A long time ago in a data center far away, there were servers that were small enough to fit on a tape. This type of data center led to a backup system design like the one in Figure 1-3. Many or most systems came with their own tape drive, and that tape drive was big enough to back up that system—possibly big enough to back up other systems. All that was needed to perform a fully automated backup was to write a few shell scripts and swap out a few tapes in the morning.
For several reasons, bandwidth was not a problem in those days. The first reason was there just wasn't that much data to back up. Even if the environment consisted of a single 10-Mb hub that was chock full of collisions, there just wasn't that much data to send across the wire. The second reason that bandwidth wasn't a problem was that many of the systems could afford to have their own tape drives, so there wasn't a need to send any data across the LAN.
Gradually, many companies or individuals began to outgrow these systems. Either they got tired of swapping that many tapes, or they had systems that wouldn't fit on a tape any more. The industry needed to come up with something better.
A few early innovators came up with the concept of a centralized backup server. Combining this with a tape stacker made life manageable again. Now all you had to do was spend $5,000 to $10,000 on backup software and $5,000 to $10,000 on hardware, and your problems were solved. Every one of your systems would be backed up across the network to the central backup server, and all you needed to do was install the appropriate piece of software on each backup "client." These software packages even ported their client software to many different platforms, which meant that all the systems shown in Figure 1-4 could be backed up to the backup server, regardless of what operating system they were running.
Then a different problem appeared.

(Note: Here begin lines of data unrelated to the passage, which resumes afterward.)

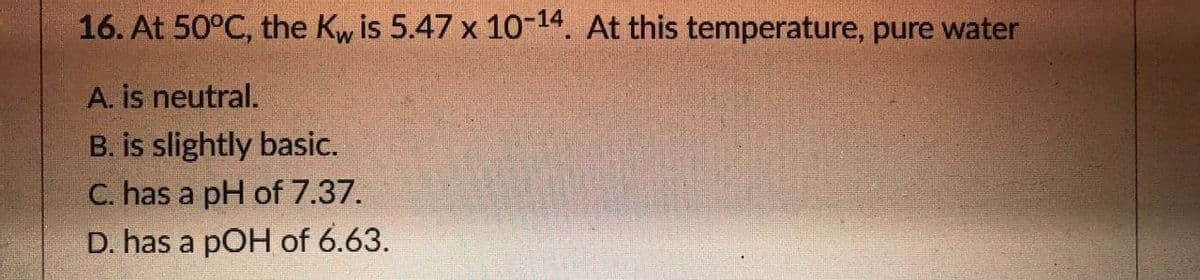 16. At 50°C, the Kw is 5.47 x 10-14. At this temperature, pure water
A. is neutral.
B. is slightly basic.
C. has a pH of 7.37.
D. has a pOH of 6.63.
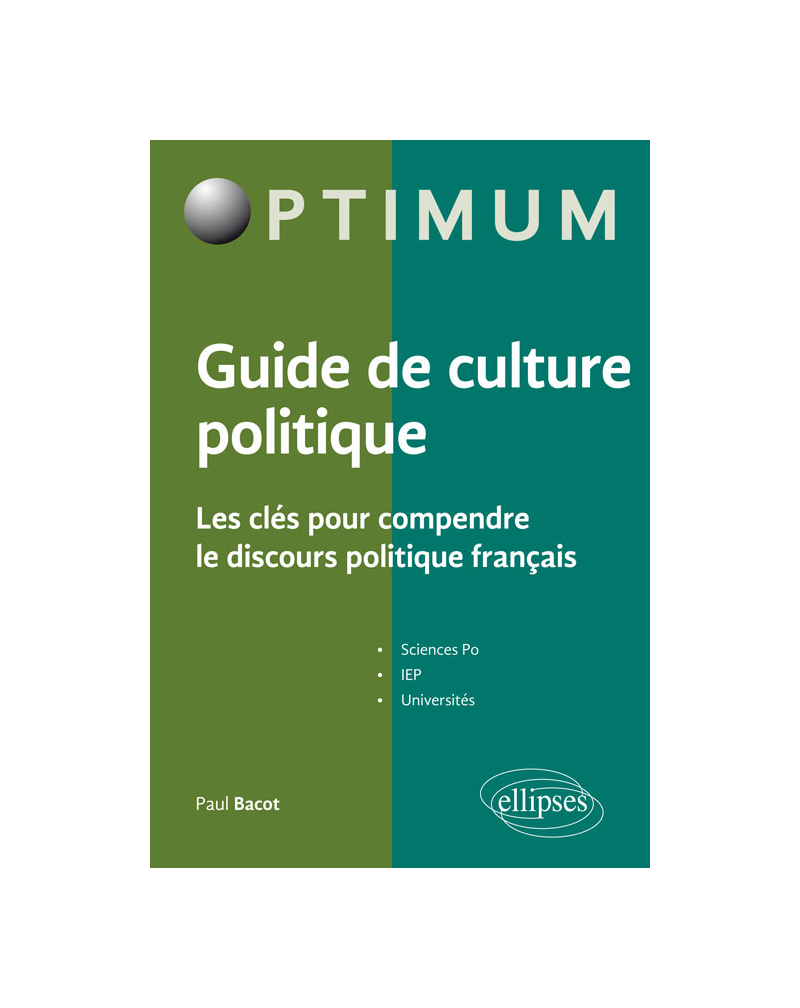 Guide de culture politique - Les clés pour comprendre le discours politique français
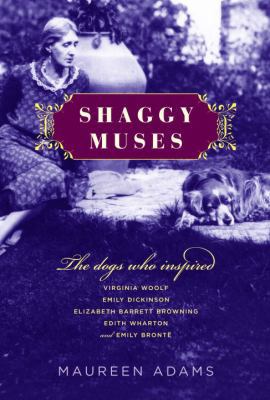 Shaggy Muses: The Dogs Who Inspired Virginia Wo... 0345484061 Book Cover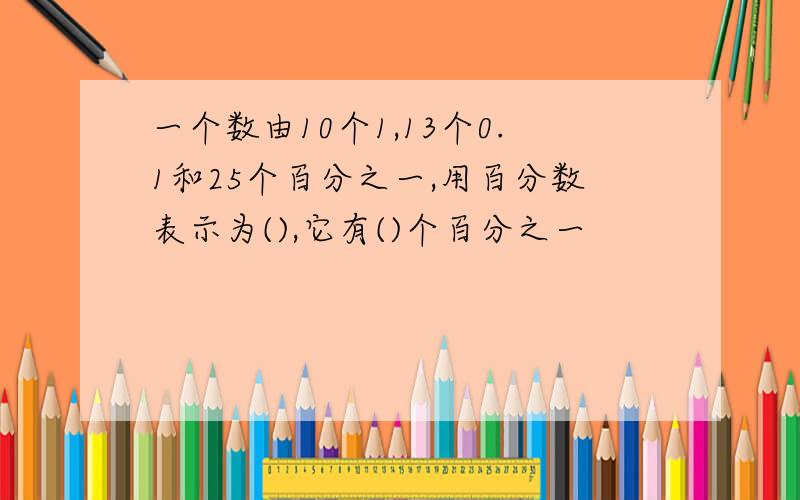 一个数由10个1,13个0.1和25个百分之一,用百分数表示为(),它有()个百分之一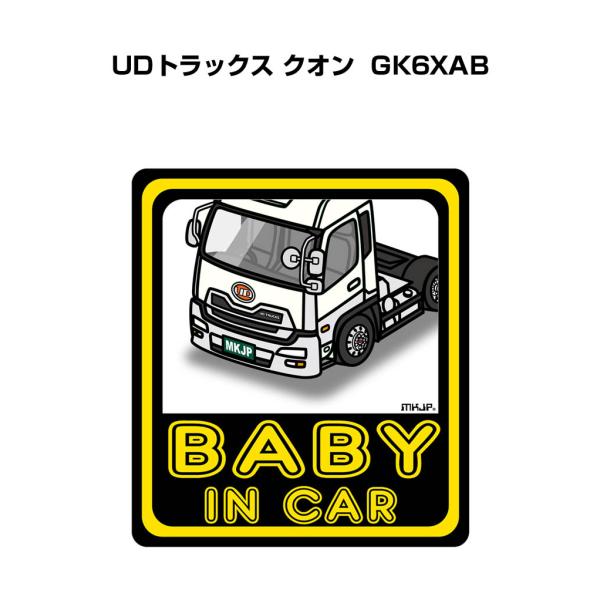 MKJP BABY IN CARステッカー 2枚入り 外車 UDトラックス クオン GK6XAB ゆ...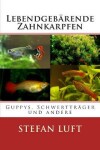 Book cover for Guppys, Schwertrager und andere Lebendgebarende Zahnkarpfen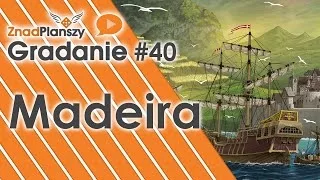 Gradanie ZnadPlanszy #40 - Madeira (gra planszowa)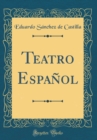 Image for Teatro Espanol (Classic Reprint)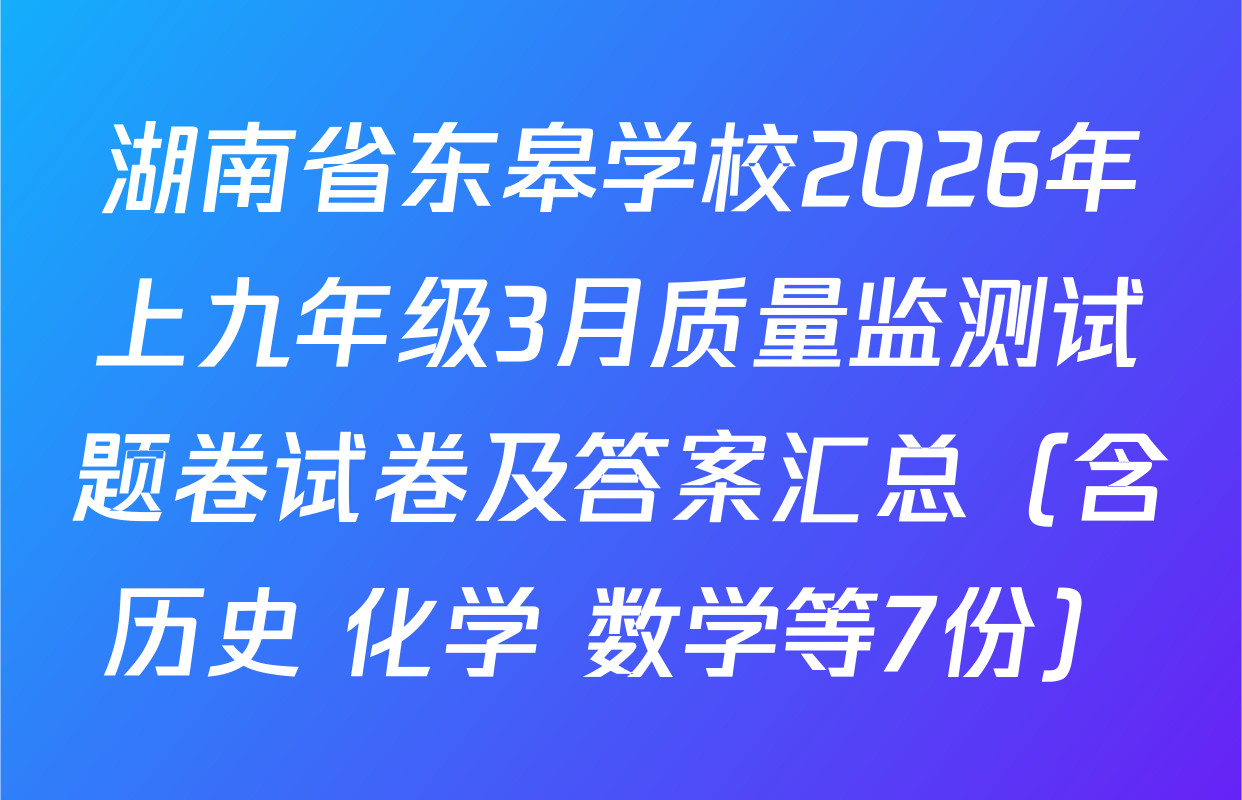 湖南省东皋学校2026年上九年级3月质量监测试题卷试卷及答案汇总（含历史 化学 数学等7份）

People began to assume that all you had to do was buy a piece of client software, and all your backup problems would be taken care of. As the systems grew larger and the number of systems on a given network increased, it became more and more difficult to back up all the systems across the network in one night. Of course, upgrading from shared networks to switched networks and private VLANs helped a lot, as did Fast Ethernet (100 Mb), followed by Etherchannel and similar technologies (400 Mb), and Gigabit Ethernet. But some had systems that were too large to back up across the network, especially when they started installing very large database servers that contained 100 GB to 1 TB of records and files.
A few backup software companies tried to solve this problem by introducing the media server . In Figure 1-5, the central backup server still controlled all the backups, and still backed up many clients via the 100-MB or 1000-Mb network. However, backup software that supported media servers could attach a tape library to each of the large database servers, allowing these servers to back up to their own locally attached tape drives, instead of sending their data across the network.
Media servers solved the immediate bandwidth problem but introduced significant costs and inefficiencies. Each server needed a tape library big enough to handle a full backup. Such a library can cost from $50,000 to more than $500,000, depending on the size of the database server. This is also inefficient because, many servers of this size don't need to do a full backup every night. If the database software can perform incremental backups, you may need to perform a full backup only once a week or even once a month, which means that for the rest of the month, most tape drives in this library go unused. Even products that don't perform a traditional full backup have this problem. These products create a virtual full backup every so often by reading the appropriate files from scores of incremental backups and writing these files to one set of tapes. This method of creating a full backup also needs quite a few tape drives on an occasional basis.
Another thing to consider is that the size of the library (specifically, the number of drives that it contains) is often driven by the restore requirements—not the backup requirements. For example, one company had a 600-GB database they needed backed up. Although they did everything in their power to ensure that a tape restore would never be necessary, they knew they might need to in a true disaster. However, the restore requirement was still three hours. If the restore required reading from tape, the restore requirement didn't change; it still had to be done in less than three hours. Based on that, they bought a 10-drive library that cost $150,000. Of course, if they could restore the database in three hours, they could back it up in three hours. This meant that this $150,000 library was going unused approximately 21 hours per day.
Some backup software vendors attempted to solve the cost problem by allowing a single library to connect to multiple hosts. If you purchased a large library with multiple SCSI connections, you could connect each one to a different host. This allowed you to share the tape library but not the drives. While this ability helped reduce the cost by sharing the robotics, it didn't completely remove the inefficiencies discussed earlier.
What was really needed was a way to share the drives. And as long as the tape drives were shared, disk drives could be shared too. What if:
A large database server could back up to a locally attached tape drive, but that tape drive could also be seen and used by another large server when it needed to back up to a locally attached tape drive?
The large database server's disks could be seen by another server that backed up its disks without sending the data through the CPU of the server that's using the database?
The disks and tape drives were connected in such a way that allowed the data to be sent directly from disk to tape without going through any server's CPU?
Fibre Channel and SANs have made all of these "what ifs" possible, including many others that will be discussed in later chapters. SANs are making backups more manageable than ever—regardless of the size of the servers being backed up. In many cases, SANs are making things possible that weren't conceivable with conventional parallel SCSI or LAN-based backups.